Myurishen (Մյուրիշեն, also Mirushen, Միրուշեն) or Mirikend (Mirikənd) is a village in the Khojavend District of Azerbaijan, in the disputed region of Nagorno-Karabakh. Until 2023 it was controlled by the breakaway Republic of Artsakh. The village had an ethnic Armenian-majority population until the expulsion of the Armenian population of Nagorno-Karabakh by Azerbaijan following the 2023 Azerbaijani offensive in Nagorno-Karabakh.

== History ==
During the Soviet period, the village was a part of the Martuni District of the Nagorno-Karabakh Autonomous Oblast.

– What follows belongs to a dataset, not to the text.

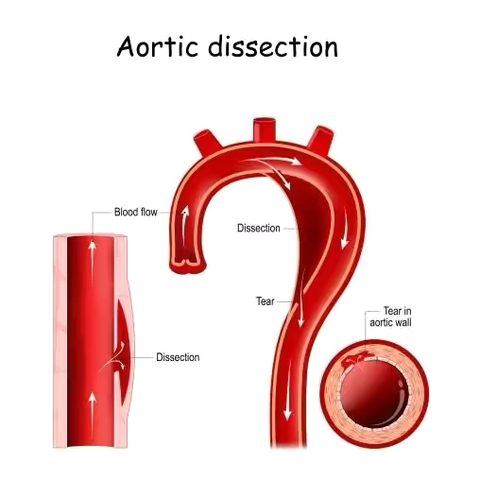 夺命“三明治”主动脉夹层，我们该如何预防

== Historical heritage sites ==
Historical heritage sites in and around the village include a cemetery from between the 15th and 17th centuries, the church of Surb Astvatsatsin (Սուրբ Աստվածածին, lit. 'Holy Mother of God') built in 1869, and a 19th-century watermill.

== Economy and culture ==
The population is mainly engaged in agriculture and animal husbandry. As of 2015, the village has a municipal building, a house of culture, a school, and a medical centre.

== Demographics ==
The village had 200 inhabitants in 2005, and 160 inhabitants in 2015. The Armenian population was expelled in 2023 after Azerbaijan's military offensive that led to the dissolution of the Nagorno-Karabakh Republic.